For luxury sandwiches with expensive ingredients, 28-32% food cost is acceptable. This is higher than regular dishes because the ingredients are more valuable and guests are willing to pay more.
Should I include VAT in my cost price calculation?
No, always calculate with prices excluding VAT. Divide the cost price of ingredients by the selling price excl. VAT. Then add 9% VAT to get the menu price.

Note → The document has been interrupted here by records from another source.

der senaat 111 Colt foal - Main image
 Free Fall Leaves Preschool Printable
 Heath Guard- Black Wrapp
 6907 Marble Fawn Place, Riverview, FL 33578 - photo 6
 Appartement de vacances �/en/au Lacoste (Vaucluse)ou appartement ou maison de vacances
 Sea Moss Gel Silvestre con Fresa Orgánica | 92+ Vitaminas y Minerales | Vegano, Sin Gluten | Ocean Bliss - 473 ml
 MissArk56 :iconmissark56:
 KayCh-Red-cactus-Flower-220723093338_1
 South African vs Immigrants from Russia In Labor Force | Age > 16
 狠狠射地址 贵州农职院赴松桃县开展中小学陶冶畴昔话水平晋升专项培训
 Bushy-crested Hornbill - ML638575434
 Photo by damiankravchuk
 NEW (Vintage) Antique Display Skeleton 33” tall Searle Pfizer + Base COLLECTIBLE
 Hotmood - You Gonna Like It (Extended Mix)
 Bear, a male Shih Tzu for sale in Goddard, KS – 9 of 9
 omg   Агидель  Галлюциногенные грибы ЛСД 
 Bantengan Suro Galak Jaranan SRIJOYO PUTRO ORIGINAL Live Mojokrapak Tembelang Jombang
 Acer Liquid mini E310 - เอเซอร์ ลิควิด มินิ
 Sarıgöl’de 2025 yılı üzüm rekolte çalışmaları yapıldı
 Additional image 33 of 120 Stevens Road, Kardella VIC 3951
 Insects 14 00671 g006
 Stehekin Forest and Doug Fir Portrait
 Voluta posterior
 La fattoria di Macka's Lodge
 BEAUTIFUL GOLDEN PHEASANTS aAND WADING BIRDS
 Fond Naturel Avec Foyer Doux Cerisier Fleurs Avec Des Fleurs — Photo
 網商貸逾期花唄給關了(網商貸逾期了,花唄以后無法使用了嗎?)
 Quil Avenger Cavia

How do I handle seasonal price fluctuations?
Update your cost prices monthly, especially for luxury ingredients like avocado and certain fish. Consider seasonal alternatives or adjust your portion sizes if prices get too high.
What if my calculated selling price is too high for my market?
Reduce your portions, replace expensive ingredients with cheaper alternatives, or make more elements yourself (like sauces). You can also adjust the composition without losing the luxury character.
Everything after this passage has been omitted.